The great Thomas Keller of The French Laundry in Napa, California, suggests serving roast chicken with lemon wedges and stone ground mustard. These are delightful additions to your meal.

ENJOY!!

Monday, October 26, 2015

Chicken Soup (with all leftovers!)

Just put all those leftovers in the pot!!

1 onion, diced
1 cup frozen spinach, thawed
1/2 cabbage diced into chunks about 1" square
1 cup mushrooms, sliced
1 cup edamame, shelled
leftover meat from a roast chicken, skin removed
1-2 packages soft/precooked-udon noodles**
2-3 cups Chicken broth
1-2 cups water
2 table spoons olive oil
1/2 cup fresh parsley


1. Saute onions, mushrooms and cabbage in olive oil over medium-low heat for about 7  minutes.
2. Add chicken, broth, water, noodles, and 1/2 package of the noodle seasoning if using 1 pack of noodles (if using 2 packages add 1 seasoning packet) and stir to combine. Raise heat to high and bring to simmer, then reduce heat to low. Let cook about 10 minutes.
3. Add spinach and edamame, cook 1 minute more.
4. When you are ready to eat, drop parley on top of soup and stir in.

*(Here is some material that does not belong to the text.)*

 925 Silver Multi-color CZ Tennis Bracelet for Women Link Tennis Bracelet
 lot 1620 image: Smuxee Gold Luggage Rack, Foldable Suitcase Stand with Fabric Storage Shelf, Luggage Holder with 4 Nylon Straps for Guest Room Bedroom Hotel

Serve!!

ENJOY!!
**Bariatric surgery patients should replace the udon noodles with shirataki noodle which are less chewy, find them in the produce section in a bag with liquid. Strain liquid before adding noodles to pot.



Tuesday, May 19, 2015

Crock Pot Chicken - any way you want it!

A patient came in today and wanted to share a recipe idea with everyone so here goes!!

4-6 celery stalks
1, 5-6 pound chicken
Rub of your choice (mango salsa/garlic powder + teriyaki/sriracha/herbs de provence/taco sauce or whatever you can think up!)
Chicken broth

1. Spread celery stalks on the bottom of crock pot.
2. Rinse and dry chicken, place in crock pot on top of celery
3. Rub chicken with spices or pour salsa/sauce over top.
4. Pour about 1 inch of chicken broth into bottom of pot.
5. Cover and cook on low 5-6 hours, there will be a lot of liquid in the crock pot when you are done.
6. Remove chicken from crock pot.

ENJOY!!!!

Tuesday, October 21, 2014

Roast Chicken

Roast chicken is one of those items that can be very scary for people to make for fear of drying it out or the skin not being perfectly crisp. There aren't a lot of steps involved in making one your great grandmother would be proud of, and once you put it in the oven you set the timer and forget about it. I always use a free-range, antibiotic free chicken because they usually come in the right size (without having to comb through the cases of whole chickens) and the flavor is far richer then a 'run of the mill' chicken. Bell and Evans has chickens like this, usually the grocer also has a store brand that fits the parameters, for those of you Whole Foods Market lovers (GASP!) they have a variety from Amish raised chickens to family farm chickens from Alabama. Although the weight of the chicken may seem small, I assure you that it is enough chicken for 4 people (be they all adults or a mix of ages) and remember, you should NOT be eating more then 6oz meat at a time anyway ;p

*1 - 3.5-4lbs free range, antibiotic free chicken (if you get one larger then 4lbs it won't cook right at this temp and time allotment, the closer to 3.5lbs you can find the better)
*kosher or sea salt and fresh ground pepper

1. Heat the oven to 450 degrees. Cover a roasting pan with tin foil to decrease clean up. Then place a roasting rack in the pan.
2. Rinse the chicken inside and out - if there was a bag inside the chicken of organs remove that.
3. Dry the chicken with paper towels inside and  out.
4. Liberally salt and pepper the inside and outside of the chicken.
5. Cross the legs of the chicken and secure to help evenly cook the chicken. To do this, decide which flap of skin between the drumstick and the large hole to the inside of the chicken is bigger. Cut a slit in that piece of skin about 1/2" long. Take the drumstick on the same side as the slit skin and pull it towards the other drumstick. Then take the opposing drumstick and cross it over the top of the other one, pushing the end of the drumstick through the slit you created, this will hold the legs in a sort of 'Indian style' place so that the breast the of the chicken cooks evenly.
6. Place chicken on the roasting rack and place pan in the oven. Set timer for 55 minutes. LEAVE THE CHICKEN ALONE, don't baste it, don't rotate it, don't even open the door! When the timer dings it is all done. Remove from oven and let sit for 5 minutes before carving, if you want to baste it with the juice in the pan, now is the time to do it.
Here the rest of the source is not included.